Milk is a 2008 American biographical film based on the life of gay rights activist and politician Harvey Milk, who was the first openly gay person to be elected to public office in California, as a member of the San Francisco Board of Supervisors. Directed by Gus Van Sant and written by Dustin Lance Black, the film stars Sean Penn as Milk and Josh Brolin as Dan White, a city supervisor, and Victor Garber as San Francisco Mayor George Moscone.

Attempts to put Milk's life to film followed a 1984 documentary of his life and the aftermath of his assassination, titled The Times of Harvey Milk, which was loosely based upon Randy Shilts's 1982 biography, The Mayor of Castro Street (the film won the Academy Award for Best Documentary Feature for 1984, and was awarded Special Jury Prize at the first Sundance Film Festival, among other awards). Various scripts were considered in the early 1990s, but projects fell through for different reasons, until 2007. Much of Milk was filmed on Castro Street and other locations in San Francisco, including Milk's former storefront, Castro Camera.

The film was released to critical acclaim and grossed $54 million worldwide. It earned numerous accolades from film critics and guilds for Penn and Brolin's performance, Van Sant's directing, and Black's screenplay, it received 8 Oscar nominations at the 81st Academy Awards, including Best Picture and went on to win two: Best Actor for Penn, his second Oscar, and Best Original Screenplay for Black.

Plot 
The film opens with archival footage of police raiding gay bars and arresting patrons during the 1950s and 1960s, followed by Dianne Feinstein's November 27, 1978 announcement to the press that Harvey Milk and Mayor George Moscone had been assassinated. Milk is seen recording his will throughout the film, nine days (November 18, 1978) before the assassinations. The film then flashes back to New York City in 1970, the eve of Milk's 40th birthday and his first meeting with his much younger lover, Scott Smith.

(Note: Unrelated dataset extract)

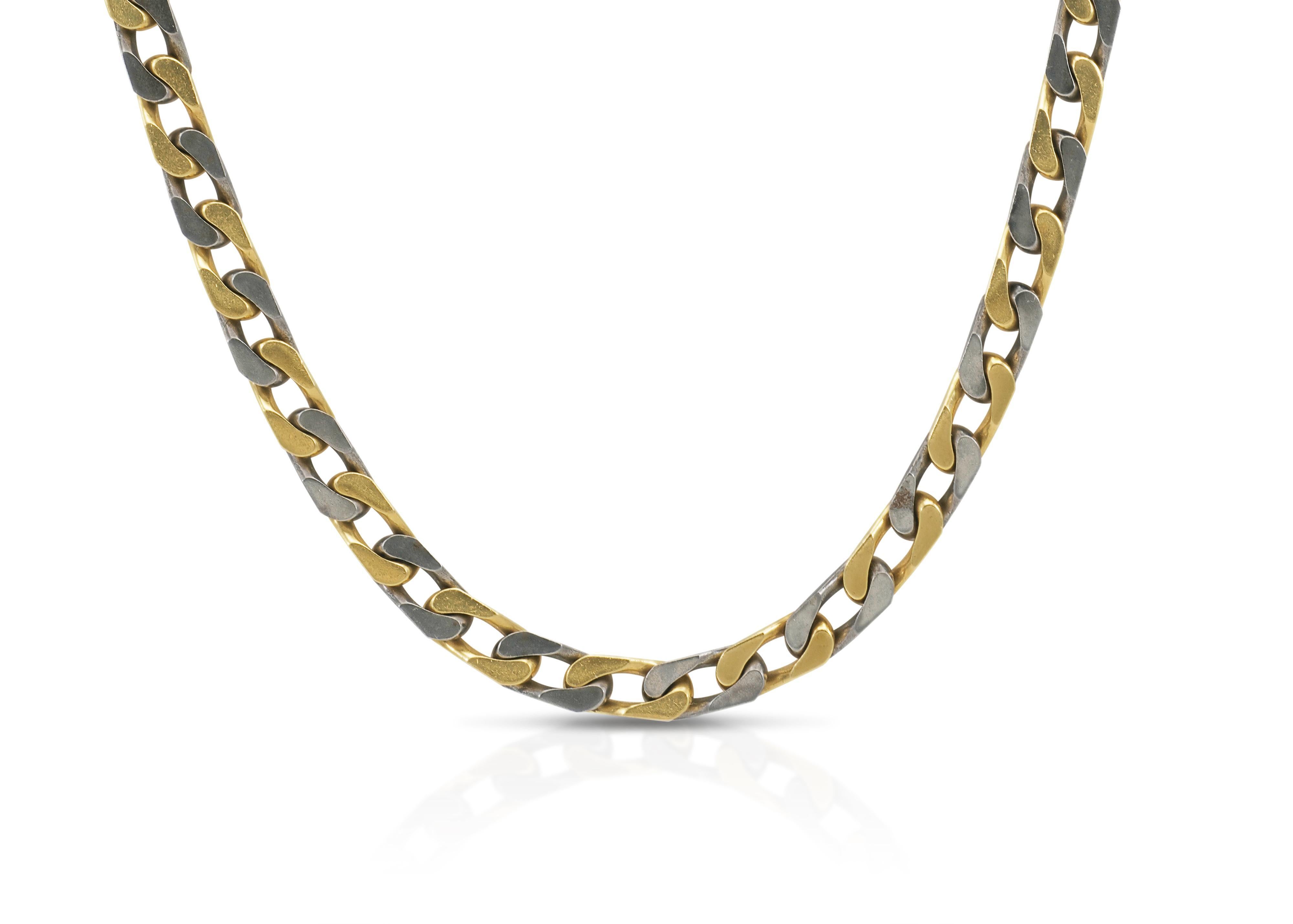 Finely crafted in 18k yellow gold and blackened steel.
Signed by Bvlgari
Circa 1970s
36 1/2 inches ong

Dissatisfied with his life and in need of a change, Milk and Smith decide to move to San Francisco in the hope of finding larger acceptance of their relationship. They open Castro Camera in the heart of Eureka Valley, a working-class neighborhood in the process of evolving into a predominantly gay neighborhood known as The Castro. Frustrated by the opposition they encounter in the once Irish-Catholic neighborhood, Milk utilizes his background as a businessman to become a gay activist, eventually becoming a mentor for Cleve Jones. Early on, Smith serves as Milk's campaign manager, but he grows frustrated with Milk's devotion to politics, and he leaves him. Milk later meets Jack Lira, a sweet-natured but unbalanced young man. As with Smith, Lira cannot tolerate Milk's devotion to political activism, and eventually hangs himself. Milk clashes with the local gay "establishment" which he feels to be too cautious and risk-averse.

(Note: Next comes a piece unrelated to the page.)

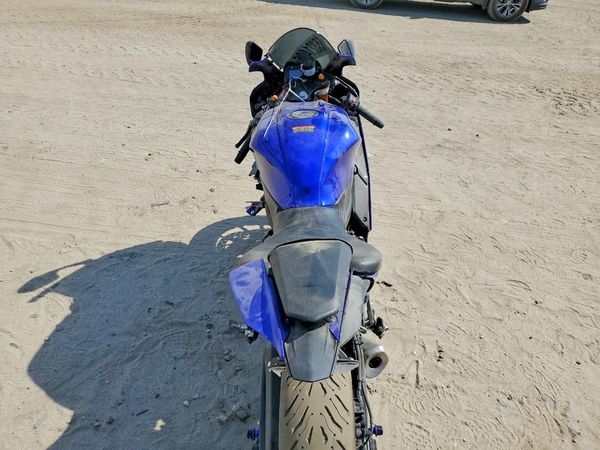 2025 YAMAHA YZFR7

After two unsuccessful political campaigns in 1973 and 1975 to become a city supervisor and a third in 1976 for the California State Assembly, Milk finally wins a seat on the San Francisco Board of Supervisors in 1977 for District 5. His victory makes him the first openly gay man to be voted into major public office in California and the third openly homosexual politician in the entire US. Milk subsequently meets fellow Supervisor Dan White, a Vietnam veteran and former police officer and firefighter. White, who is politically and socially conservative, has a difficult relationship with Milk, and develops a growing resentment for Milk when he opposes projects that White proposes.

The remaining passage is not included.